The policies remain principle-based and retain their focus on stronger governance structures and process in relation to remuneration and encourage rather than dictate prudent practices in relation to the detail of incentive schemes.
The approach isn’t prescriptive, although the regulated would be very aware that APRA has the regulatory authority to take action against any institution it felt wasn’t pursuing sound remuneration policies.
The requirements do echo the consensus on remuneration policies that has emerged globally among international regulatory agencies in the aftermath of a financial crisis that was seen to have arisen, either partly or largely, because of remuneration structures that actively encouraged excessive risk-taking.
The principles-based approach allows individual institutions the freedom to devise their own approach to remuneration and incentive structures – provided they have the proper governance framework in place to consider and evaluate the implications of their practices for risk.
That is preferable to doing what Kenneth Feinberg, the US pay ‘tsar’ did to those institutions still receiving taxpayer assistance earlier this year. He halved their executive compensation by decree. That will have unintended consequences, given that those banks and other institutions that have repaid their assistance are now back taking risks, paying out big bonuses and recruiting again.
APRA has also resisted lobbying to confine its regulation to banks. Sensibly, while banks may have been the epicentre of this particular crisis (although AIG, of course, was decimated by its risk-taking) APRA will extend the requirements to all the institutions it regulates, including general and life insurers.
The new regime places a special responsibility on an institution’s remuneration committee to both manage and monitor the compensation of senior individuals and report to their main board on the remuneration packages of executives whose roles and responsibilities might impact on the financial stability of the institution as well as more general risk-evaluation of remuneration practices for other employees.
The policies the committee develops must cover, not just employees, but third parties contracted to perform functions on the institutions’ behalf that could expose the organisation to risk.
Despite submissions to the contrary, APRA says there is sufficient evidence that the activities of third-party distribution channels created losses for regulated institutions (a reference to Storm Financial and the like, perhaps) to support its position.
Originally APRA wanted the remuneration of risk and financial control staff de-linked from the performance of the businesses they oversee but it has softened that stance slightly to provide some latitude to link the incentives for the chief risk officer and chief financial officer to the group performance "in certain circumstances". That’s a concession to the continuing war for talent.

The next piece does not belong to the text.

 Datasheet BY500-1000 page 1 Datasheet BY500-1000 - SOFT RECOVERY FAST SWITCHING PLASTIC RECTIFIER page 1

The significance of APRA’s approach isn’t that the board of a bank or other regulated institution delegates remuneration policy to a committee and then washes its hands of the issue, but rather that each institution has a group of independent directors with expertise, or access to expertise, develop remuneration policies and monitor their implementation with a particular focus on their impact on risk-taking.

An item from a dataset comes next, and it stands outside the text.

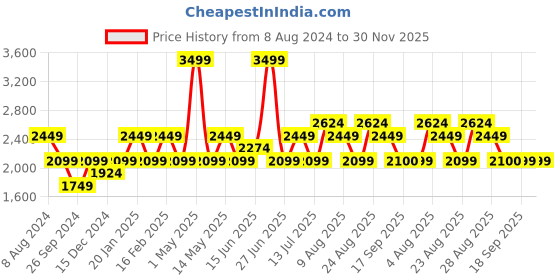 myntra.com Da Milano Men Textured Leather Reversible Formal Belt da milano Price History Graph from 8 Aug 2024 to 30 Nov 2025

All financial institutions take risk and all financial institutions routinely experience losses as a consequence, even in the best of times. Even after the experience of the crisis regulators don’t want to discourage that.
However, boards do need to ensure they understand the risks being taken and that remuneration structures don’t promote excessive risk-taking – which fundamentally means creating symmetry in their incentive schemes between risk-adjusted performance and rewards over reasonable timeframes. A contributing factor to the crisis was the prevalence of short-term incentives for risk-taking that had no regard to longer term outcomes.
APRA does, of course, have the ability to balance schemes it considers encourages excessive risk taking by imposing capital surcharges on individual institutions. It has that authority today.
One would expect that once the new requirements are implemented and the remuneration and incentive policies and structures are developed, it will fine-tune its capital requirements to reflect the level of risk-taking encouraged by particular institutions’ remuneration strategies.